[Start of Attachment]

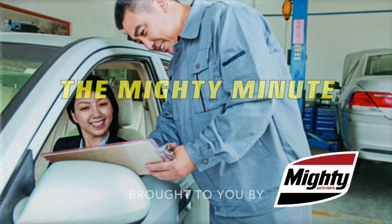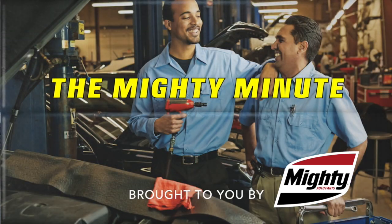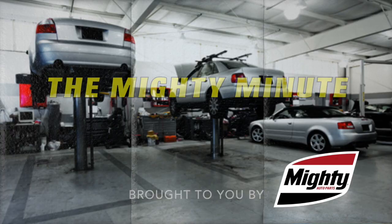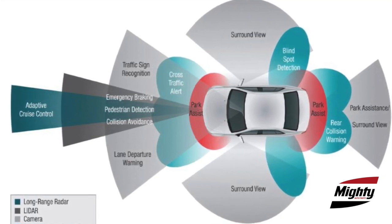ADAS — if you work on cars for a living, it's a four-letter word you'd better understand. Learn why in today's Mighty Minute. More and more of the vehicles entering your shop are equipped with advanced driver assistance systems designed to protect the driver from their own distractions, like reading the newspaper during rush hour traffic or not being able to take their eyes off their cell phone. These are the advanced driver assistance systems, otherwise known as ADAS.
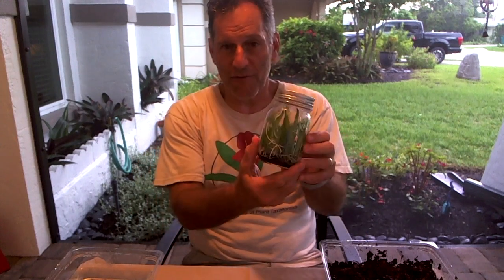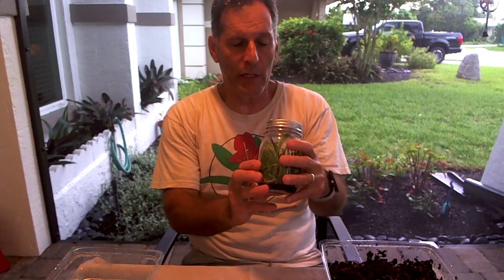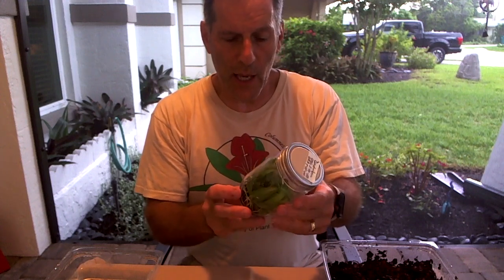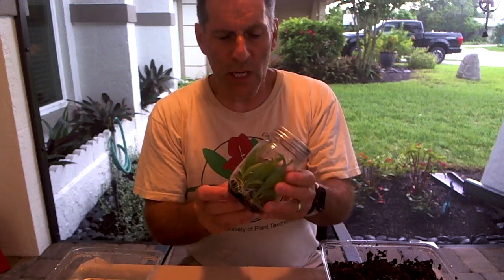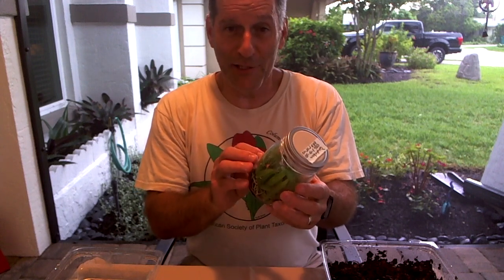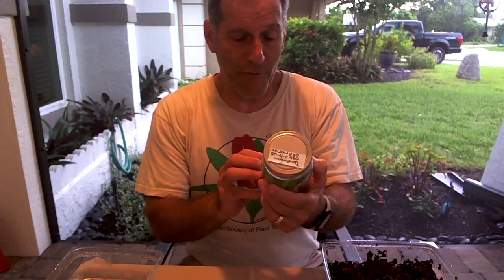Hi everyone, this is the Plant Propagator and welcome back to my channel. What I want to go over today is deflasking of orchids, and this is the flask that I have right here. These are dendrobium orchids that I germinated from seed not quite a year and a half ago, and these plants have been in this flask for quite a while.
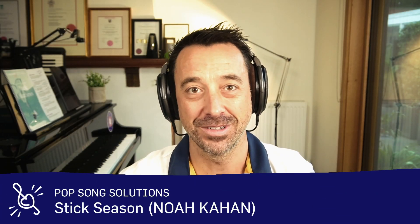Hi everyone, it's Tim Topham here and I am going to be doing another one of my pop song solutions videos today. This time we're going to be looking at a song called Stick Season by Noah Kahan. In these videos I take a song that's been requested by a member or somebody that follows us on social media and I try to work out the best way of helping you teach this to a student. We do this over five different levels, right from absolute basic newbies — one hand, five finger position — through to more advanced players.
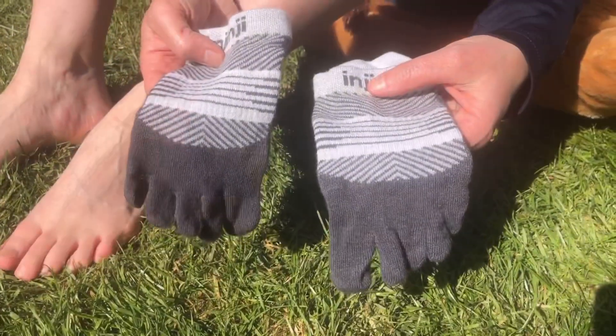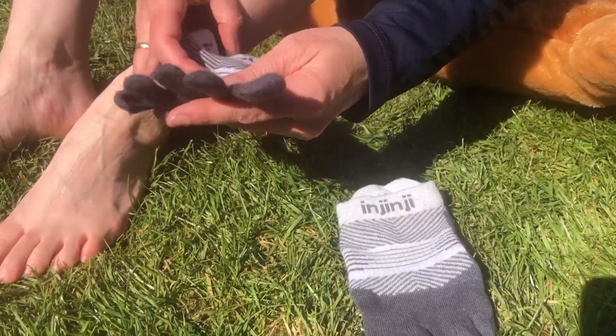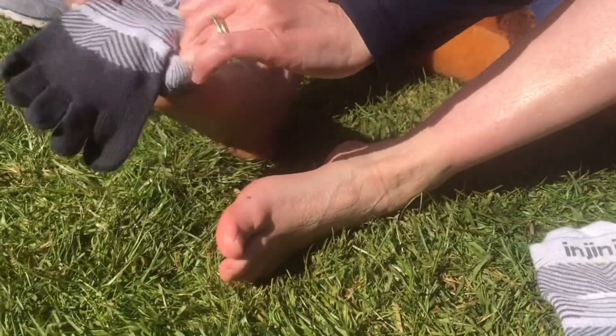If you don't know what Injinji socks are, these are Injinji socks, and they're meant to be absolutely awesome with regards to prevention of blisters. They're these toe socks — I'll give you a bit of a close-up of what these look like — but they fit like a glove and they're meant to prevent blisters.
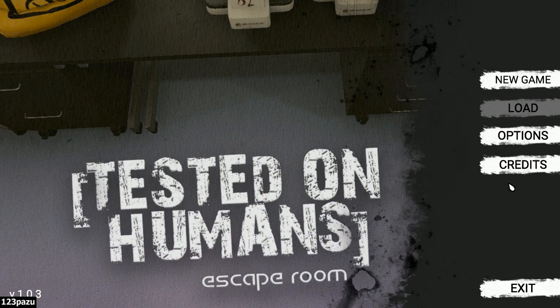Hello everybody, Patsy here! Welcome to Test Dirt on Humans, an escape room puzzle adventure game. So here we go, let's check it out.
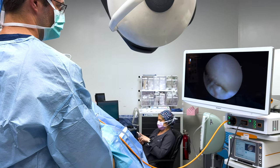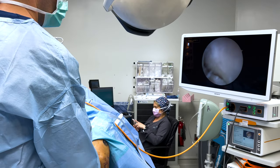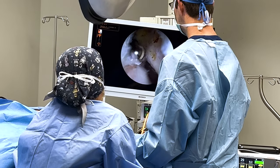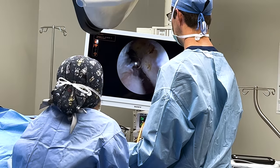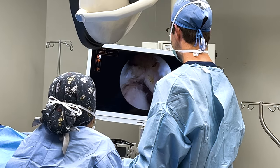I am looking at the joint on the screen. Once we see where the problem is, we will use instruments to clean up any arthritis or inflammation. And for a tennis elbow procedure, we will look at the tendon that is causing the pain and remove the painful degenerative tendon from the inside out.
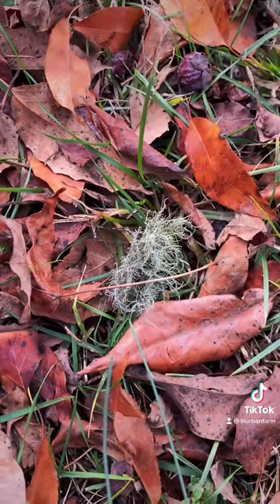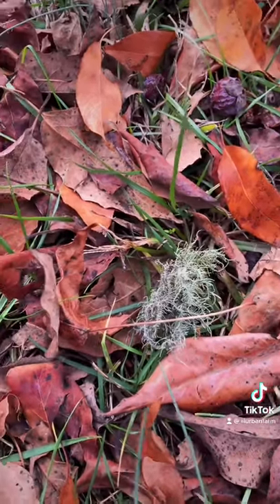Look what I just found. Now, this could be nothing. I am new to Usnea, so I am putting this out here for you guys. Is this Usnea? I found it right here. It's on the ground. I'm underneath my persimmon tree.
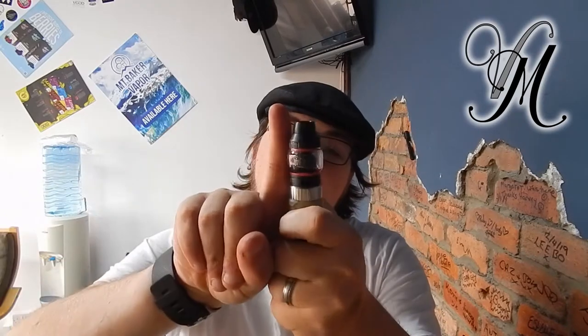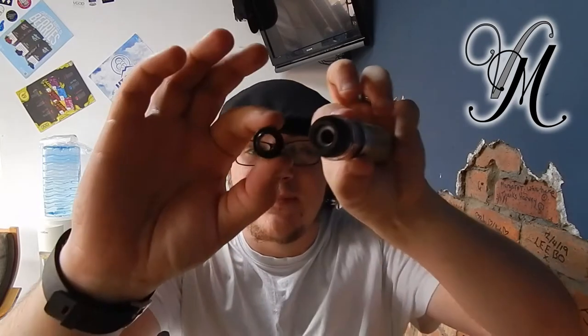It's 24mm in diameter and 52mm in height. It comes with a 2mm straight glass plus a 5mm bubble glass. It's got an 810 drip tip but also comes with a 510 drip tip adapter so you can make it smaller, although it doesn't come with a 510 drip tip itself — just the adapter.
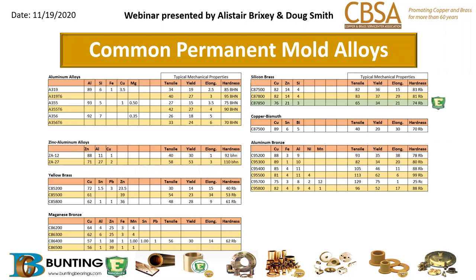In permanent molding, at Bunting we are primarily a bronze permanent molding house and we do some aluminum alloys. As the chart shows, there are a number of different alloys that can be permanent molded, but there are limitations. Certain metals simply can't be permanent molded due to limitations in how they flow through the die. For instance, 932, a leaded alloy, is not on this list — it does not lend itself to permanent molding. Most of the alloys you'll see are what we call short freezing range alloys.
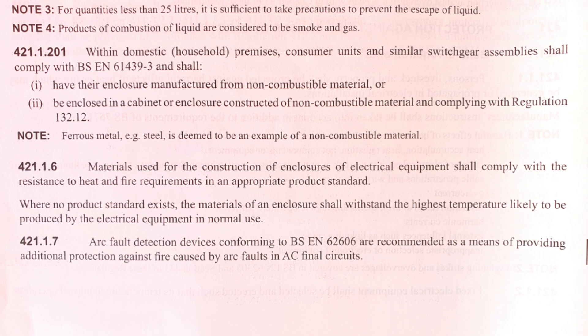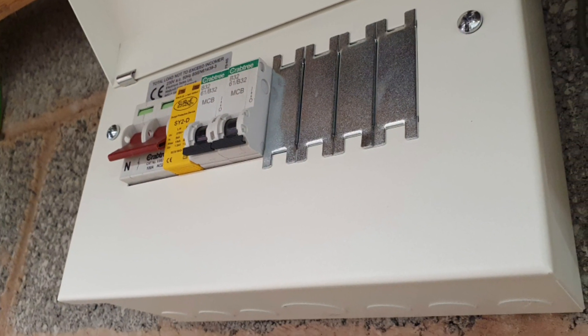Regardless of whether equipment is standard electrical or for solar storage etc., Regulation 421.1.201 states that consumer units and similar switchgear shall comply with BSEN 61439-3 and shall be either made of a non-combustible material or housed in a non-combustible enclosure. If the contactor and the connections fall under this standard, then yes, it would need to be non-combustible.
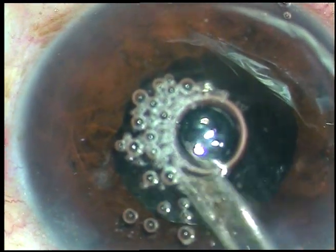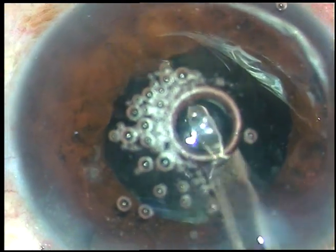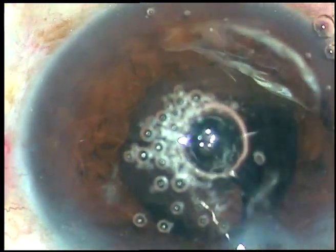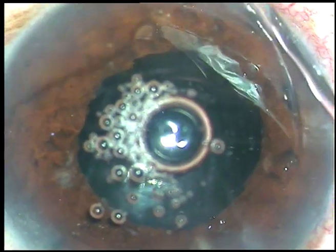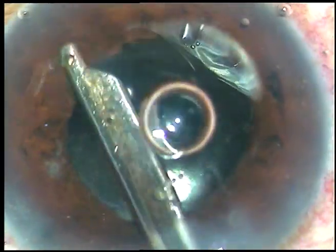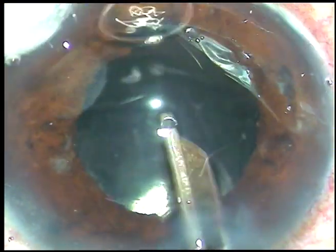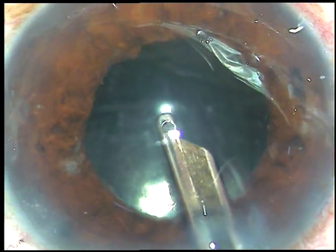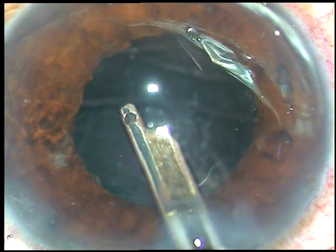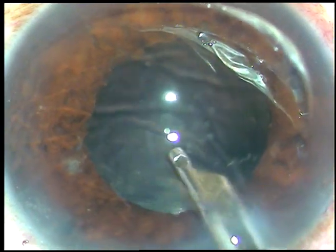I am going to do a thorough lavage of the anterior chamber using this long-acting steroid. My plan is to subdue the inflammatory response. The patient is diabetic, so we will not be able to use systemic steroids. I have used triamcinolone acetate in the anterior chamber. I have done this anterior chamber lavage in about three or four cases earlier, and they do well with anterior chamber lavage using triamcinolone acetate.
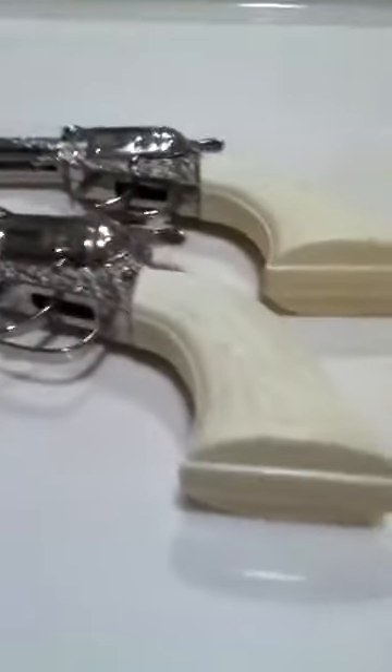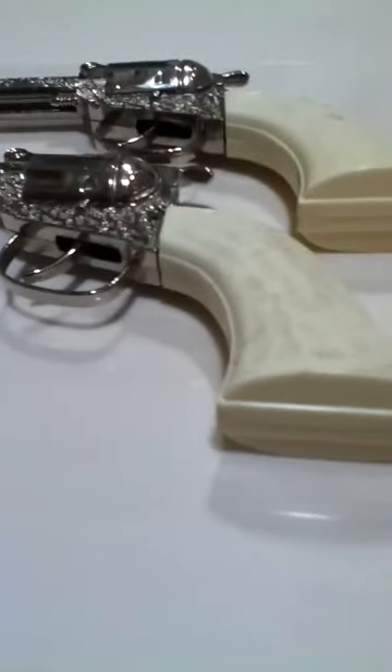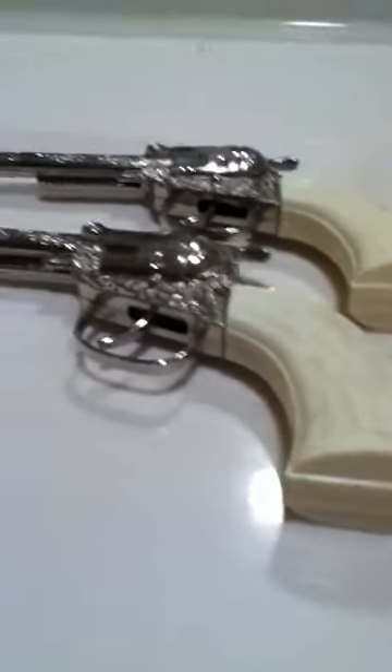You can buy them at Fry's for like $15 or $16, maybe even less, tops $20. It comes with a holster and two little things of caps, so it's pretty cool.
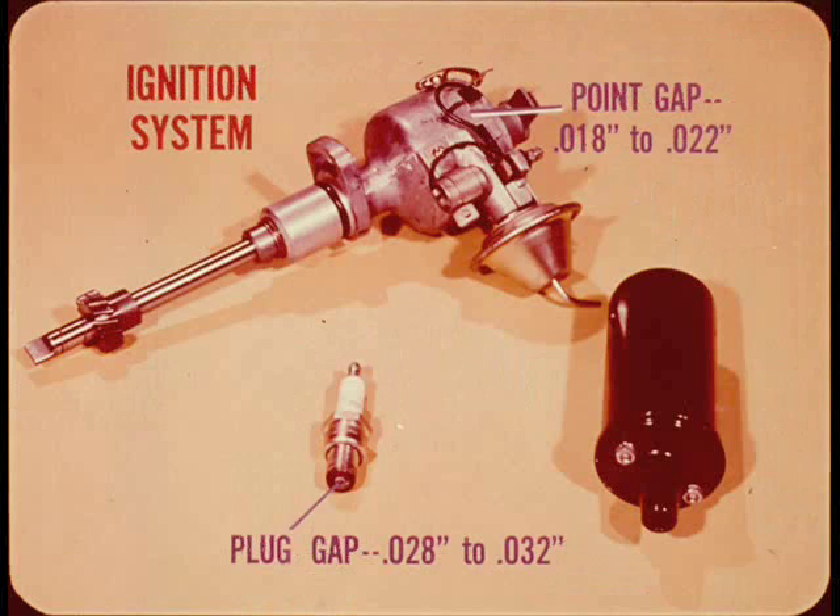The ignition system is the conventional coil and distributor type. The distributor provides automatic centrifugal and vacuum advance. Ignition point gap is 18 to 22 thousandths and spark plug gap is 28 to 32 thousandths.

[End of Attachment]

→ **WHAT NEEDS TO BE DONE**
Copy only what runs above from the line containing "In permanent molding, at" through the line containing "I am going to do", exactly. Leave out the pictures.

→ **ANSWER TO THIS TASK**
In permanent molding, at Bunting we are primarily a bronze permanent molding house and we do some aluminum alloys. As the chart shows, there are a number of different alloys that can be permanent molded, but there are limitations. Certain metals simply can't be permanent molded due to limitations in how they flow through the die. For instance, 932, a leaded alloy, is not on this list — it does not lend itself to permanent molding. Most of the alloys you'll see are what we call short freezing range alloys.
Regardless of whether equipment is standard electrical or for solar storage etc., Regulation 421.1.201 states that consumer units and similar switchgear shall comply with BSEN 61439-3 and shall be either made of a non-combustible material or housed in a non-combustible enclosure. If the contactor and the connections fall under this standard, then yes, it would need to be non-combustible.
I am going to do a thorough lavage of the anterior chamber using this long-acting steroid. My plan is to subdue the inflammatory response. The patient is diabetic, so we will not be able to use systemic steroids. I have used triamcinolone acetate in the anterior chamber. I have done this anterior chamber lavage in about three or four cases earlier, and they do well with anterior chamber lavage using triamcinolone acetate.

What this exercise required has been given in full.